**Problem requirements**
Reproduce every line of the material below exactly. No pictures belong in the copy.

**Data block**
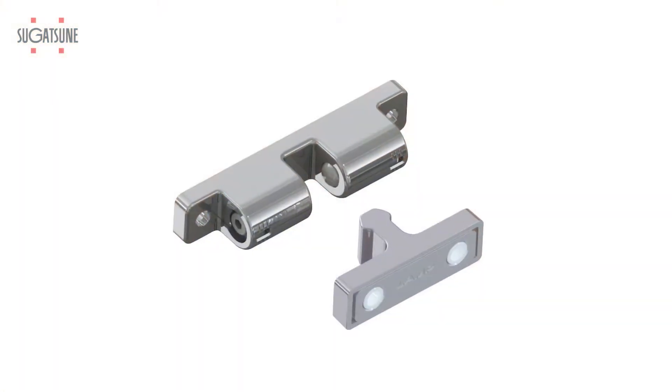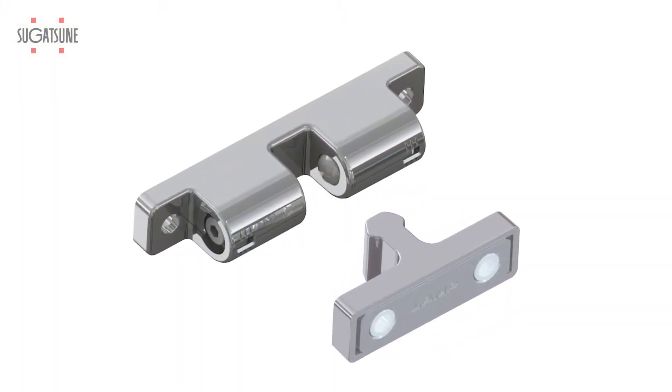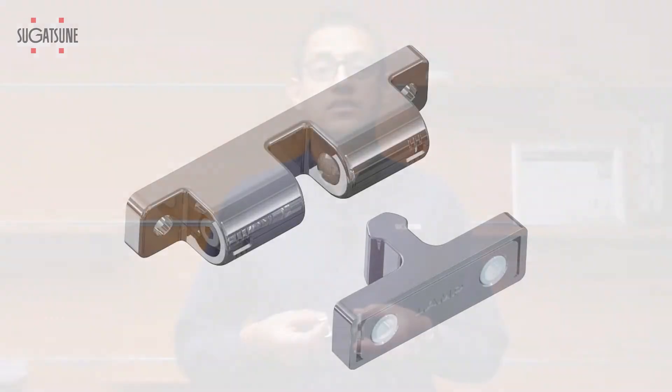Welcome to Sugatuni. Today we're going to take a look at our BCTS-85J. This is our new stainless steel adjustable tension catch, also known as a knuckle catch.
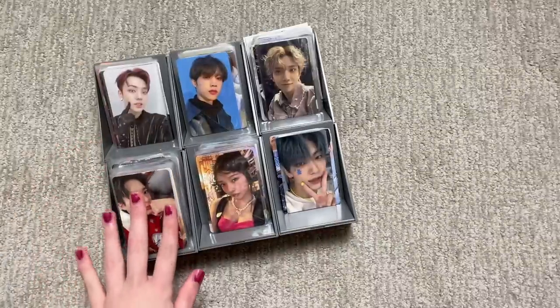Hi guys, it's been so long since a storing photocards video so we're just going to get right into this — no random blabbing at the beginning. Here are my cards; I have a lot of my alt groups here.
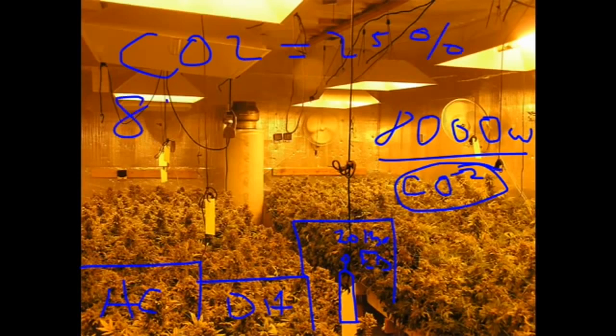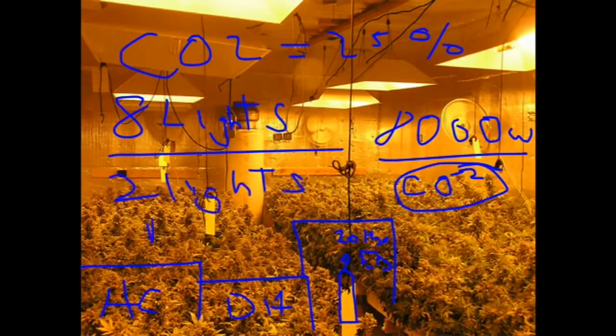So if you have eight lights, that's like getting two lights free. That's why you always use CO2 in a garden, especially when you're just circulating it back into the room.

**Answer for the task**
Welcome to Sugatuni. Today we're going to take a look at our BCTS-85J. This is our new stainless steel adjustable tension catch, also known as a knuckle catch.
Hi guys, it's been so long since a storing photocards video so we're just going to get right into this — no random blabbing at the beginning. Here are my cards; I have a lot of my alt groups here.
So if you have eight lights, that's like getting two lights free. That's why you always use CO2 in a garden, especially when you're just circulating it back into the room.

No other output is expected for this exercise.